The finding refutes the popular view that the people living in the town of San Pedro de Atacama smoked tobacco for just a short stint before moving on to snuffing hallucinogens.
The Chilean mummies studied were in good condition, preserved naturally from the high temperatures, extreme dryness and high soil salinity in the Atacama Desert. The research revealed that the people in the region had a nicotine habit spanning from at least 100 BC to AD 1450, LiveScience reported. “The idea was that around AD 400, people in San Pedro de Atacama (SPA) smoked tobacco in pipes, and then after that time, they gradually switched to inhaling dimethyltryptamines in snuffing trays,” said study co-author Hermann Niemeyer, an organic chemist at the University of Chile in Santiago.

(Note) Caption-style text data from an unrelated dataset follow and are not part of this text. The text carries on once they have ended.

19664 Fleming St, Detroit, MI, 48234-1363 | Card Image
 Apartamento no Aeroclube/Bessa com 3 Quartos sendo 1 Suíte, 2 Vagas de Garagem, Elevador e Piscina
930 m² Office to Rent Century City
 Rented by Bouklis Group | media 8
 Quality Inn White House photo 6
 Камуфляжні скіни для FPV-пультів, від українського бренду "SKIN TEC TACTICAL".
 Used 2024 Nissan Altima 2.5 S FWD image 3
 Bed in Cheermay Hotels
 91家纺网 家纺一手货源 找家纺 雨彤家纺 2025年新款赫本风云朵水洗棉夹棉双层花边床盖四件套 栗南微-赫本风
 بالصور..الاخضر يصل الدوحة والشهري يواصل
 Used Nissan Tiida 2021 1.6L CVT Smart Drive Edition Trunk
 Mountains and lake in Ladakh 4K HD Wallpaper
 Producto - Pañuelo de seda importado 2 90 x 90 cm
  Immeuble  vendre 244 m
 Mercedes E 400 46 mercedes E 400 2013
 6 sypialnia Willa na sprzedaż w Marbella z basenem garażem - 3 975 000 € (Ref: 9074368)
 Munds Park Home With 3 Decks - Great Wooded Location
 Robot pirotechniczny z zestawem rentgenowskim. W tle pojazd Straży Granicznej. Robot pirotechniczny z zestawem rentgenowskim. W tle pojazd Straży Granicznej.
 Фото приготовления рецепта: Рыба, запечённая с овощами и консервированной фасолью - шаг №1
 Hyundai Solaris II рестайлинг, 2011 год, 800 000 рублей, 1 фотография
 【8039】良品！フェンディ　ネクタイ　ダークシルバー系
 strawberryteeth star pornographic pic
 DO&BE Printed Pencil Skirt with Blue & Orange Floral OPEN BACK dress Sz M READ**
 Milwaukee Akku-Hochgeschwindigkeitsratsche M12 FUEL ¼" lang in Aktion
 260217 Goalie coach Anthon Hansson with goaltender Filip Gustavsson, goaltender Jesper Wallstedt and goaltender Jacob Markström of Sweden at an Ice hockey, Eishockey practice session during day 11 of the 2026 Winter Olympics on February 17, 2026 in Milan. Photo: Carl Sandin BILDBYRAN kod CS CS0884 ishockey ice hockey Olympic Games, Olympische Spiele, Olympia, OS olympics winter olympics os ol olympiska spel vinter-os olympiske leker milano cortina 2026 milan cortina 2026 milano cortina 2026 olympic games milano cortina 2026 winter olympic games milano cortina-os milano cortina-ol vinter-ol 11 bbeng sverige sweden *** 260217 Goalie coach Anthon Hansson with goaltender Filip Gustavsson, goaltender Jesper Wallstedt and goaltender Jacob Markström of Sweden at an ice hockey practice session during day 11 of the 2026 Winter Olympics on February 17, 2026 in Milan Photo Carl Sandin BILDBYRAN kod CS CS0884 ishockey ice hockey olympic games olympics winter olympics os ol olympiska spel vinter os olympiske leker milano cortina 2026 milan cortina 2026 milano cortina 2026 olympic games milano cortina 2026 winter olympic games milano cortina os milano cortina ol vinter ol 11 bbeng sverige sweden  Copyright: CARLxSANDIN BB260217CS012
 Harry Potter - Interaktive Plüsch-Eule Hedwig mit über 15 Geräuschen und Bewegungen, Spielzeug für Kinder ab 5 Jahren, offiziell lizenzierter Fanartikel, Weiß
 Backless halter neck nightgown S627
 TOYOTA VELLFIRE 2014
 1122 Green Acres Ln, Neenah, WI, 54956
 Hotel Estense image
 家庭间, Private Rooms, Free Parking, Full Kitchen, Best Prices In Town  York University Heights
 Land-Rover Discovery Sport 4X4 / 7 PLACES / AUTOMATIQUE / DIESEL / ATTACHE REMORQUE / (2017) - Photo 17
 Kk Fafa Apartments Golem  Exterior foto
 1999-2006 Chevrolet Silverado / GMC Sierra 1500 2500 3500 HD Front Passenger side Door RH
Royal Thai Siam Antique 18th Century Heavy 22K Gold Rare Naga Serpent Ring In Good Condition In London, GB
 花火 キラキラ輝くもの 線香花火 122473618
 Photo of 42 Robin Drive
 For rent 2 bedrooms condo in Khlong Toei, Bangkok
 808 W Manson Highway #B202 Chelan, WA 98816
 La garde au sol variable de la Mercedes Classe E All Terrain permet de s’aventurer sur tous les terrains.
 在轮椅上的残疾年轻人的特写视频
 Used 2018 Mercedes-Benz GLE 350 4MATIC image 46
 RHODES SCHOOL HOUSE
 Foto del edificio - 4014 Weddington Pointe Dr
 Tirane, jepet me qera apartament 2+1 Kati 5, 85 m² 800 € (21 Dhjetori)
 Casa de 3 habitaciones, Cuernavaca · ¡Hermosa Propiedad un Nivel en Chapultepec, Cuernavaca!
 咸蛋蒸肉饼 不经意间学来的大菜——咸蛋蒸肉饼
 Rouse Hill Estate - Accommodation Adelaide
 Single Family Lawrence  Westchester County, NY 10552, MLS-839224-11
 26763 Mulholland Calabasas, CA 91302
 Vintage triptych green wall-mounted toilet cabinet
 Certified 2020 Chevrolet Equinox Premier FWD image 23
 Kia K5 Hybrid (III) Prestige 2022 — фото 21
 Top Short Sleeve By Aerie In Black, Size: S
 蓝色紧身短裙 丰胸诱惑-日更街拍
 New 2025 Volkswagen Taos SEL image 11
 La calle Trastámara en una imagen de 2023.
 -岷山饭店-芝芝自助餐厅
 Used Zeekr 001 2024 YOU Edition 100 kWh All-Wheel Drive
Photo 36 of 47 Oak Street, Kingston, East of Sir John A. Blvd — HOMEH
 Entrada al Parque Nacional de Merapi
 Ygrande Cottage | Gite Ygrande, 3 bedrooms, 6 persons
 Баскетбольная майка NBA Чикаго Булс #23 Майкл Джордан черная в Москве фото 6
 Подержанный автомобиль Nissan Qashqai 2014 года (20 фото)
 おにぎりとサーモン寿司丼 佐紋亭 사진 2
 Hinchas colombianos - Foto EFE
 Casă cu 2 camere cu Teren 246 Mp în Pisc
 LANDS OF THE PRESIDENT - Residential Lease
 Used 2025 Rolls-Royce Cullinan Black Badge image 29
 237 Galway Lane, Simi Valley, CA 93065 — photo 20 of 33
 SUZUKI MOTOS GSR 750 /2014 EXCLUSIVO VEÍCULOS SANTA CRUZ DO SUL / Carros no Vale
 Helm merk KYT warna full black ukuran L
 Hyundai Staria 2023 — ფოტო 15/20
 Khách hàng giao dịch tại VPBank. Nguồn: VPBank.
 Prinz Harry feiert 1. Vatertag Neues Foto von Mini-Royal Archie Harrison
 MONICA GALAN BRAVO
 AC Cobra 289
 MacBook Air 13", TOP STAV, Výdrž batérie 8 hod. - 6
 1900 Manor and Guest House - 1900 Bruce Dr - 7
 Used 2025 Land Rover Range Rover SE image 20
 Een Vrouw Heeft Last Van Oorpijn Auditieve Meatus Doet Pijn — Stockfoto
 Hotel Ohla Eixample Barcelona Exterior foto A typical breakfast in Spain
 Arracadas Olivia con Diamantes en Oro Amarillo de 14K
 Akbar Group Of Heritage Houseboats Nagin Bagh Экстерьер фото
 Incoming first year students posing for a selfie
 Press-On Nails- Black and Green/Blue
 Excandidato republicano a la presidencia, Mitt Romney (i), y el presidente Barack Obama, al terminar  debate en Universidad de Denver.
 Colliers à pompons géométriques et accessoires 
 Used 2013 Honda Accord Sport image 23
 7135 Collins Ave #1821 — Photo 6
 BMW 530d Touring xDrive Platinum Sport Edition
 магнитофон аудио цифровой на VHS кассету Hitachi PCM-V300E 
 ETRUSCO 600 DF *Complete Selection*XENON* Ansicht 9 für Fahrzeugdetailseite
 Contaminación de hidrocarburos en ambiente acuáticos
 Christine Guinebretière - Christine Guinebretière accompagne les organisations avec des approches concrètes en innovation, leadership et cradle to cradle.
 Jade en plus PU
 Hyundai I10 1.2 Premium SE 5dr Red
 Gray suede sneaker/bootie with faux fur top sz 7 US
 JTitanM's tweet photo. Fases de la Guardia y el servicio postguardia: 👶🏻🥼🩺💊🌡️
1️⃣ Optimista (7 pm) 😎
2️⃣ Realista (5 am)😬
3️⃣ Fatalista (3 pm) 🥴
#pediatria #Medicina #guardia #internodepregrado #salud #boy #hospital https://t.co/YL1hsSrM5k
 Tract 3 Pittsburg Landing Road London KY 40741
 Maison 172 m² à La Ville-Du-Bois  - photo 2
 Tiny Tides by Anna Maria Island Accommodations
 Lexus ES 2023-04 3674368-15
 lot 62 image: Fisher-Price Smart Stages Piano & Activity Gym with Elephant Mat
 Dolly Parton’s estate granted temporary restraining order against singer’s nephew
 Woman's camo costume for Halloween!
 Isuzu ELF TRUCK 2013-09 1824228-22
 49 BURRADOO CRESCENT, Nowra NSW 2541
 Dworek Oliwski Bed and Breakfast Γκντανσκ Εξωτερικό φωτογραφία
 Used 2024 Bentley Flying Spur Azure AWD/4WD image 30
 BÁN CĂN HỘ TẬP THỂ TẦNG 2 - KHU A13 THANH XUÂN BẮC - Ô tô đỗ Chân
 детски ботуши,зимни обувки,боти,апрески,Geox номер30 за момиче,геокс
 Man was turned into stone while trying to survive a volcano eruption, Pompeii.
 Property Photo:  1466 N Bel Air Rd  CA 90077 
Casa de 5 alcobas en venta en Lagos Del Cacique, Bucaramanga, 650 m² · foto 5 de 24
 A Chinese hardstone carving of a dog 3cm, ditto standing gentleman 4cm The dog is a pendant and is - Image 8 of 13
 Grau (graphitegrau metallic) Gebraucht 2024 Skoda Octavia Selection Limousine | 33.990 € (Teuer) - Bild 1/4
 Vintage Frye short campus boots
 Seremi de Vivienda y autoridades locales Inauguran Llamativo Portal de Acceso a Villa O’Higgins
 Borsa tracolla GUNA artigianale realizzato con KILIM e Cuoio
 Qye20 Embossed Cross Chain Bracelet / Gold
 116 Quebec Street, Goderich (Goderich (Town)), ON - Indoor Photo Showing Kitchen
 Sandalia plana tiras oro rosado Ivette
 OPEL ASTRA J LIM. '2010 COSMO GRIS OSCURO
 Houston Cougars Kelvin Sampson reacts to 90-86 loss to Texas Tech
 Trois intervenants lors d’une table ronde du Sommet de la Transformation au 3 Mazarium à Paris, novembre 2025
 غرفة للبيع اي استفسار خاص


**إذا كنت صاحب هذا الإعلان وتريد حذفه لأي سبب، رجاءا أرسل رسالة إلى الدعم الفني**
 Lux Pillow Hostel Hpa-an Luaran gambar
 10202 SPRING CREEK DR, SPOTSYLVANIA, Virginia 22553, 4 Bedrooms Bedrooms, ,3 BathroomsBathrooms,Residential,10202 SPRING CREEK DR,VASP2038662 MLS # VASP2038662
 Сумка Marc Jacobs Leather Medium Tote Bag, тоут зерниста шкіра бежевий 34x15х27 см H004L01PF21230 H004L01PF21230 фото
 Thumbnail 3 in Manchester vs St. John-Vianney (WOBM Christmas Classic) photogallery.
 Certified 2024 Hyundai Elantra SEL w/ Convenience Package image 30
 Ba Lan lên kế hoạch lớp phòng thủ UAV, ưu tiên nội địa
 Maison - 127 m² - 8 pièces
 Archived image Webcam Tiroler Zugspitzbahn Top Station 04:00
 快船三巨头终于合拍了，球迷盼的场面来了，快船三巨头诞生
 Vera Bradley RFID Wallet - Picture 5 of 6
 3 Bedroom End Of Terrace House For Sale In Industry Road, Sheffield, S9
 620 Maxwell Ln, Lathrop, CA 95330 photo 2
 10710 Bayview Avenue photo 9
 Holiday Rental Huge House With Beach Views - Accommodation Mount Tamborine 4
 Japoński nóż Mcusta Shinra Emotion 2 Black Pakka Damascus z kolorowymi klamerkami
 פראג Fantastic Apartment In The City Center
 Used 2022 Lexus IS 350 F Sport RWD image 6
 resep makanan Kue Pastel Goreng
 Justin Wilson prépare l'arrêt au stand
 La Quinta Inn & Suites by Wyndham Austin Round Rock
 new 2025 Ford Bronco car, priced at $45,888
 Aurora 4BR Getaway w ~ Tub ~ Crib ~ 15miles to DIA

“What we show is that’s not correct,” Niemeyer said. To get a better understanding of hallucinogen use in SPA throughout the ages, Niemeyer and his colleague Javier Echeverria analysed hair samples of 56 mummies from the Late Formative to the Late Intermediate periods of SPA (100 BC to AD 1450). Depending on the site, the mummies were either interred in the ground or entombed in “some sort of stony environment made for them.”
The team found nicotine in the hair of 35 mummies, spanning the full range of years. “The finding of nicotine was definitely unexpected,” Niemeyer said. In the archaeological record of SPA, smoking pipes are gradually replaced by snuff trays after around AD 400, previous studies found evidence of nicotine in smoking pipes, but not in snuffing powder or snuffing paraphernalia, which were often associated with tryptamine alkaloids. The team didn’t find traces of tryptamine alkaloids in the hair samples, though this doesn’t necessarily mean people didn’t consume the cebil compounds, researchers said. The study will be published in the Journal of Archaeological Science.